# low light, medium light, hight light



## flowerfishs (Mar 26, 2009)

Hello! I have some questions regarding the light per gallon for a planted aquarium.

how many watts per gallon (PGA) are consider low light?
how many watts per gallon (PGA) are consider medium light?
how many watts per gallon (PGA) are consider high light?

I use 49 watts light in my 20 gallon tank. It's 2.4 Watt per gallon. 
is that consider medium light?


----------



## supersmirky (Oct 22, 2008)

Hi Flower

Sorry nobody answered sooner.

Here is a guideline:

Low Light ( Under 2 wpg) 10-12 hours a day
Medium Light (2.0 – 3.0 wpg) 8-10 hours a day
High Light ( 3.0 – 4.0 wpg) 7-8 hours a day
Very High Light (4+ wpg) 6 hours a day

Suggested lighting periods:

2.0 Wpg 12 hours
2.2 Wpg 11 hours
2.4 Wpg 10 hours
2.7 Wpg 9 hours
3.0 Wpg 8 hours
3.4 Wpg 7 hours
4.0 Wpg 6 hours


----------



## flowerfishs (Mar 26, 2009)

thanks...


----------



## surpera1 (Feb 18, 2009)

why the shorter duration for higher WPG ?


----------



## supersmirky (Oct 22, 2008)

With higher intensity / wattage, you might get algae issues.

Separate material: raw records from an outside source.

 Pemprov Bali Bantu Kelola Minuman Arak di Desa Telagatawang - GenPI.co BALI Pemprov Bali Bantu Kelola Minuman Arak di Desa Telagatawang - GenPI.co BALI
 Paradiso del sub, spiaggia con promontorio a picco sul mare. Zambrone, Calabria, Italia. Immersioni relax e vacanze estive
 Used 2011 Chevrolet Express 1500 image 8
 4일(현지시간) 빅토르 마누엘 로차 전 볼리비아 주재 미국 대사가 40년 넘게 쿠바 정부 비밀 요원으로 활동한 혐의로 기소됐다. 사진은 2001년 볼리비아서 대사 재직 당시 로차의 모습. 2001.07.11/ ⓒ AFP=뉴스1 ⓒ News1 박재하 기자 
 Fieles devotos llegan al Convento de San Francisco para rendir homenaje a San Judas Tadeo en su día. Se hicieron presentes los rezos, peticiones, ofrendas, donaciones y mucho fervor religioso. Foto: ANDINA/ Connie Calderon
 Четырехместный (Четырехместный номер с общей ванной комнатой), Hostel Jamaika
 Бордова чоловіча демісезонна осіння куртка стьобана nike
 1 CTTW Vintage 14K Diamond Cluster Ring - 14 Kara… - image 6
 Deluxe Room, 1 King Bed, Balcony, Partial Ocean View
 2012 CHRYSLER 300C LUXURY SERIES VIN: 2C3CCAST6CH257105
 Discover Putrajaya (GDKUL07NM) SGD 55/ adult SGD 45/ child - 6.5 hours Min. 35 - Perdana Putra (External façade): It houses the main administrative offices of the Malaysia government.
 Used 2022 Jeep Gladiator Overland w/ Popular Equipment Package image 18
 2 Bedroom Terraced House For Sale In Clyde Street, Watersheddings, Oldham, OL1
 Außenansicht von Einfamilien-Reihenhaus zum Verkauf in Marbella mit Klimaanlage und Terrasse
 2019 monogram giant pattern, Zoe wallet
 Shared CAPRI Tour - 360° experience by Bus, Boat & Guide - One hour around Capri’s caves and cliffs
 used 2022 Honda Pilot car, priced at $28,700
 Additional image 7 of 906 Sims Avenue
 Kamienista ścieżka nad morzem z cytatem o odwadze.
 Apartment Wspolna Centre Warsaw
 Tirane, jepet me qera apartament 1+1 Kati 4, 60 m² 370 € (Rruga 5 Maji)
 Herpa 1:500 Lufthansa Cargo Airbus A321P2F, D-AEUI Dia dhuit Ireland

With higher light, there is also higher plant uptake so you might also have to dose more fertz and up the CO2.


----------



## niko (Jan 28, 2004)

Also keep in mind that the light spectrum makes a big difference. You could grow the same high light plants under 3wpg or only under 1 wpg depending on the light bulbs you use.

Giesemann Midday T5HO are the only bulbs that allow you to have low wattage and extremely healthy growth from day 1. These bulbs are also sold under at least 2 different names. Maybe someone will chime in about the names, I don't remember them. I just buy the ones labeled Giesemann Midday.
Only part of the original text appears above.